33C3  Dreaming Machines - Pica_soO
https://www.youtube.com/watch?v=u7aB2khRKWY
======
Pica_soO
The yearly cross-neuro-science stroll of yoscha.

Artificial Intelligence provides a conceptual framework to understand mind and
universe in new ways, clearing the obstacles that hindered the progress of
philosophy and psychology. Let us see how AI can help us to understand how our
minds create the experience of a universe.

Unlike the machine learning systems of the past, minds are not just
classifiers or policy optimizers. Minds are not accumulators of knowledge
about the world. Minds are generative systems: they actively produce the world
that we subjectively experience. Ordinary day-time experiences are in fact
dreams constrained by sensory data. This simple insight of contemporary
cognitive science turns realist notions of embodiment on their head.
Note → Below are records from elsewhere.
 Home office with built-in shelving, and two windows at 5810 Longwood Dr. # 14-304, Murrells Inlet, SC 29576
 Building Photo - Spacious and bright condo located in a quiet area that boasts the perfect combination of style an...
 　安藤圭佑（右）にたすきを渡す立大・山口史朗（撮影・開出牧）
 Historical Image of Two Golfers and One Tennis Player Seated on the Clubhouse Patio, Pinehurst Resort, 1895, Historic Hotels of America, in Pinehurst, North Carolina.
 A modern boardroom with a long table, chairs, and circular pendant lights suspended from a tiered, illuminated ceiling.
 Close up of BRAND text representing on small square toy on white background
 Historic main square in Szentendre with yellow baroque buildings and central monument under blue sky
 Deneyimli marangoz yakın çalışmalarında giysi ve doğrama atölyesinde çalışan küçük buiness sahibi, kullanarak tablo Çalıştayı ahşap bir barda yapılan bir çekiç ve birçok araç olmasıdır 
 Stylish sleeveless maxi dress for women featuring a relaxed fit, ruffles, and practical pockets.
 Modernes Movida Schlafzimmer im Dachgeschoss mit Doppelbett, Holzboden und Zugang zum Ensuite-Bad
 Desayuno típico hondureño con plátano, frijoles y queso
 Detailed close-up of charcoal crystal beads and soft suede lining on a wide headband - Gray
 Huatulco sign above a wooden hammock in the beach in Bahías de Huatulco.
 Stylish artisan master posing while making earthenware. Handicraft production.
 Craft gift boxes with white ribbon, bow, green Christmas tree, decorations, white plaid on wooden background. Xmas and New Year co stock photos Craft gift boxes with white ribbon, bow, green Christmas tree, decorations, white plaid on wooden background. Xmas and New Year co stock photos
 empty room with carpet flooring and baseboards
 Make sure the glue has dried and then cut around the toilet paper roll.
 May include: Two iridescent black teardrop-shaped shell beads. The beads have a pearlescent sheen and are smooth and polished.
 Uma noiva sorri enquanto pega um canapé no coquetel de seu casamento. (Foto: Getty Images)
The idea
of the brain as a dreaming machine opens a way to understand the nature of our
experiences.

This is the proposed fourth installment of a series of presentations about
using AI perspectives to understand minds and their relationship to the
universe. "How to build a mind" (30c3) suggested specifications for an
architecture of cognition; "From computation to consciousness" (31c3) explored
the mind's computational foundations; "Computational metapsychology" (32c3)
discussed the individual and social construction of meaning. "Machine dreams"
sketches how the computational machinery of our brains leads to our experience
a subjective world. We will look at the conductor theory of consciousness,
some of the mental structures contributing to our models of self and world,
and the unreasonable effectiveness of neural processes in modeling physics.